朝闻欠身,抱歉地对子夜说:“夜郎君,多有怠慢,屋里请!”
子夜走进房间,看见浮生正在捣药。浮生见他们进来,忙放下手中的活计,为他们沏茶。
朝闻坐定后,问:“不知夜郎君此番前来有何贵干?”
子夜突然被这么一问,一时间倒不知道怎么回答了。他有些尴尬地对子煜说:“子煜,你说——”
子煜指着自己,一脸的莫名其妙。他清了清嗓子,说道:“额……我们……哦,我们这次前来,是要报告一下蓉娘事件的后续。老王爷对外宣称,世子和安凌都是死于急症。至于小世子,由于小宝已经被蓉娘抱走了,老王爷就是再权势逼人,也不敢在众目睽睽之下强抢小宝。因此,蓉娘和小宝那边,你们大可放心。不过,听说老王爷花重金又买来一个和小宝长相差不多的婴孩,谎称是小世子。”
朝闻叹道:“看来,安凌说的没错,那位固执的王爷最舍不下的终究还是王府的面子。”
子煜点头道:“其实,那日,他坚决不让世子和安凌安葬在一起,也不仅是因为痛恨安凌,还因为这件事有辱王府的名声。”
“多谢两位前来告知。那日,你们不仅帮忙安葬安凌,还帮我把云舒送到船上,我还没好好道谢呢!”朝闻客气地说。
子煜有些不好意思地摸摸脑袋,说:“只是小事,不足挂齿。”
子夜见她和颜悦色,有些出乎意料,他原以为她会像往日那样对他冷冰冰的,没想到她也会对他展露笑颜,心里不由得有些欣喜。
浮生也打心底里感激他们帮忙,她问朝闻:“师父,快到晌午了。不如我们请夜郎君他们留下来吃顿便饭吧?”
“看来,浮生对郎君也颇有好感。”子煜在心里偷笑。
朝闻点头道:“也好。
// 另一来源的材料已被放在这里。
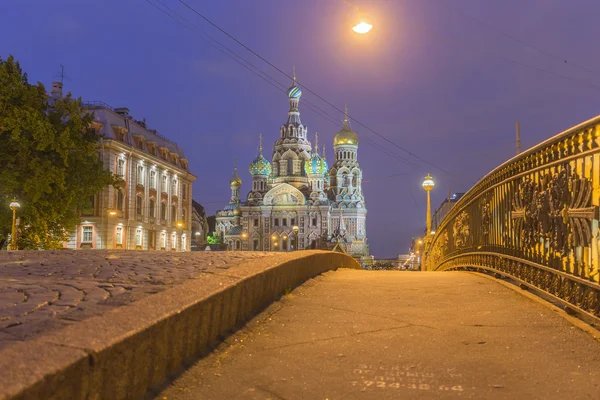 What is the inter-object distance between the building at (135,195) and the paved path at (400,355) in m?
37.9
”她问子夜:“我们吃的都是些粗茶淡饭,不知夜郎君可否愿意赏光?”
子夜说:“恭敬不如从命。”
朝闻吩咐浮生:“你去告诉莫伯,让他多加几道菜。”
“好,我这就去跟他说。”
浮生出去以后,子煜踌躇一番,有些不好意思地问:“请问医仙,云舒她——怎么样了?”
朝闻叹了口气,说:“不大好。安凌的死对她打击很大。自她回来以后,整日茶饭不思,沉默不语。任谁跟他搭话,都不理会。人也消瘦了许多。我担心,再这样下去,云舒的身体会吃不消的。”
“那可如何是好?”子煜一脸担忧。
子夜看了看朝闻,说:“娘子不是最擅长医治人心吗?可曾在云舒身上试过?”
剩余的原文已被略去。